Dinsdale Nicola K, Bluemke Emma, Sundaresan Vaanathi, Jenkinson Mark, Smith Stephen M, Namburete Ana I L
Wellcome Centre for Integrative Neuroimaging, FMRIB, Nuffield Department of Clinical Neurosciences, University of Oxford, Oxford, UK; Oxford Machine Learning in NeuroImaging Lab, OMNI, Department of Computer Science, University of Oxford, Oxford, UK.
Institute of Biomedical Engineering, Department of Engineering Science, University of Oxford, Oxford, UK.
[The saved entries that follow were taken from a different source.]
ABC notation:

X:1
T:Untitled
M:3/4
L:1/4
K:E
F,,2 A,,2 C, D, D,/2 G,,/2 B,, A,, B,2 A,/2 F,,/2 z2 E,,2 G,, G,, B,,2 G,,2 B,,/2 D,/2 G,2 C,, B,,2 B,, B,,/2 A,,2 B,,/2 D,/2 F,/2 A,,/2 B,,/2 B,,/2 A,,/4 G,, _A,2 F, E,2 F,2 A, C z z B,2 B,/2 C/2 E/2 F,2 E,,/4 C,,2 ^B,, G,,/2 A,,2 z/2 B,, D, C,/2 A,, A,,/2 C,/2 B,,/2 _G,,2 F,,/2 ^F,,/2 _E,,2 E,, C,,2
Neuron. 2022 Dec 7;110(23):3866-3881. doi: 10.1016/j.neuron.2022.09.012. Epub 2022 Oct 10.
Combining deep learning image analysis methods and large-scale imaging datasets offers many opportunities to neuroscience imaging and epidemiology. However, despite these opportunities and the success of deep learning when applied to a range of neuroimaging tasks and domains, significant barriers continue to limit the impact of large-scale datasets and analysis tools. Here, we examine the main challenges and the approaches that have been explored to overcome them. We focus on issues relating to data availability, interpretability, evaluation, and logistical challenges and discuss the problems that still need to be tackled to enable the success of "big data" deep learning approaches beyond research.
将深度学习图像分析方法与大规模成像数据集相结合,为神经科学成像和流行病学带来了诸多机遇。然而,尽管存在这些机遇,且深度学习在一系列神经成像任务和领域中取得了成功,但重大障碍仍然限制着大规模数据集和分析工具的影响力。在此,我们审视了主要挑战以及为克服这些挑战而探索的方法。我们聚焦于与数据可用性、可解释性、评估以及后勤挑战相关的问题,并讨论为实现“大数据”深度学习方法在研究之外取得成功仍需解决的问题。